#### [INSTRUCTIONS FOR THE TASK]
The answer should contain every record below, output exactly.

(Dataset excerpts)
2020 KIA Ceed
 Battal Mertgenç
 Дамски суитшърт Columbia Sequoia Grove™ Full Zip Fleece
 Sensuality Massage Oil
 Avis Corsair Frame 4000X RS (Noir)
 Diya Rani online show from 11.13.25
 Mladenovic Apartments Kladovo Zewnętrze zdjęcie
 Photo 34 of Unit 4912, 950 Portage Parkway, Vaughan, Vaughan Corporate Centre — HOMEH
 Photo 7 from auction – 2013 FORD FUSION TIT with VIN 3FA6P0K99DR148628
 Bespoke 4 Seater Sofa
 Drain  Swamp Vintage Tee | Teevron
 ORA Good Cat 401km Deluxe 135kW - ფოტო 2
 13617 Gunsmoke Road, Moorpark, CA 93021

#### [WRITTEN REPLY]
2020 KIA Ceed
 Battal Mertgenç
 Дамски суитшърт Columbia Sequoia Grove™ Full Zip Fleece
 Sensuality Massage Oil
 Avis Corsair Frame 4000X RS (Noir)
 Diya Rani online show from 11.13.25
 Mladenovic Apartments Kladovo Zewnętrze zdjęcie
 Photo 34 of Unit 4912, 950 Portage Parkway, Vaughan, Vaughan Corporate Centre — HOMEH
 Photo 7 from auction – 2013 FORD FUSION TIT with VIN 3FA6P0K99DR148628
 Bespoke 4 Seater Sofa
 Drain  Swamp Vintage Tee | Teevron
 ORA Good Cat 401km Deluxe 135kW - ფოტო 2
 13617 Gunsmoke Road, Moorpark, CA 93021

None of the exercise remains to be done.